在老廃止 年金繰り下げ受給のデメリットが小さくなる

NEWSポストセブン / 2019年6月20日 16時0分

在職老齢年金の廃止は60歳以降の働き方の常識を変える

 政府は、6月11日発表の「経済財政の基本方針(骨太の方針)」で、働く高齢者の年金を減額する「在職老齢年金制度」(在老)の“廃止”を打ち出した。現在、60~64歳までは月給と年金の合計収入が28万円、65歳以上は47万円を超えると働き続ける限り年金がカット(支給停止)される。早ければ2021年に廃止となる。

 在職老齢年金によるカットが廃止されることで、「得する年金術」の常識も大きく変わることを知っておきたい。

 年金を70歳まで繰り下げて受給すると、毎月の年金額は42%増える。だが、現行制度では当座の資金に余裕がある人が繰り下げを選んでも、「思いのほか年金が増えない」という事態に陥ることがある。

 なぜ、「思いのほか増えない」と思うのかといえば、これは在職老齢年金が原因だ。65歳以上の人が働きながら年金を受け取る場合、カットとなる基準は、「毎月の給料と年金の合計が47万円以上」に変わる。社会保険労務士の北山茂治氏が解説する。

「この基準を超えるのは、企業の役員クラスなどに限られますが、“どうせカットされるなら繰り下げて年金を増やそう”と考えても、思い通りにはいきません。
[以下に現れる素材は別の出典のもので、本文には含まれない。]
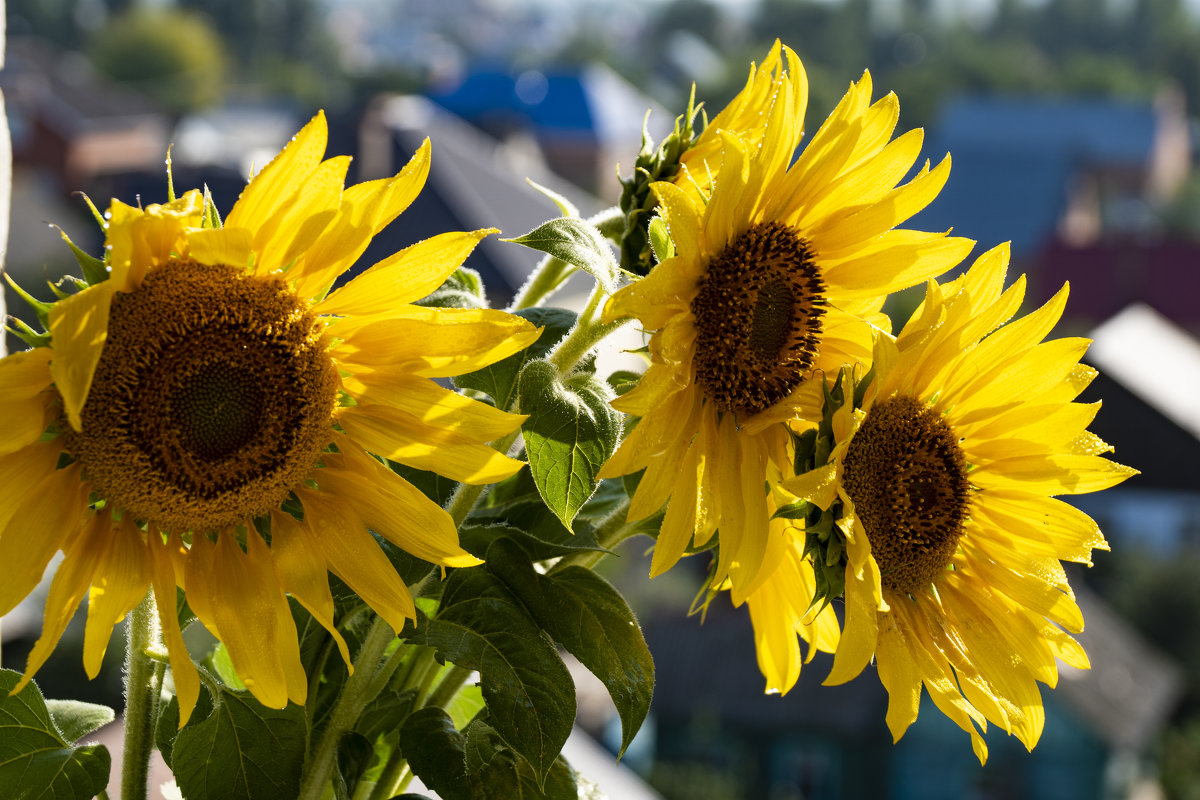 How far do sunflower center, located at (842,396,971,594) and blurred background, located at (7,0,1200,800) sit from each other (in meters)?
0.29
『カットされたはずの年金は繰り下げても増えない』という仕組みがあるからです」

 65歳で月給50万円、年金の報酬比例部分が月額10万円の場合。65歳から年金を受け取ろうとすると、6万5000円がカットされる(ケース【6】)。

 

「これを繰り下げても、増額されるのは“カットされなかった年金3万5000円分”だけ。本来、月額10万円の年金を5年繰り下げれば14万2000円になるところ、11万4700円にしかならない」(北山氏)

 5年も受給を我慢して約15%しか増えないのだ。これが在老の廃止で、働きながら繰り下げても42%増の恩恵をまるまる受けられるようになる(ケース【7】)。

 このように、在職老齢年金の廃止は60歳以降の働き方の常識を変え、「老後資産」の形成に大きなインパクトを与える。だが、それに備えるには第2の人生のライフプランそのものの見直しと十分な準備期間が必要だ。

 たとえば、定年後の雇用延長期間に時短勤務で働いている人が、在老廃止直前になって慌てて「年金を減らされないなら、これからはフルタイムで働かせてくれ」と会社に申し入れても、すぐ働き方の変更を認めてもらえるとは限らない。

 ましてや、年金カット廃止を機に、給料と年金のダブル受給で老後資産を大きく増やそうと思うのであれば、現役時代に近い給料水準を維持しなければならない。そのためには、50代後半から定年後の雇用延長や再就職に備えてスキルを高めておくことも重要だ。

 在老が廃止されるのはまだ2~3年先だと考えられるが、その準備は今から始めないと間に合わない。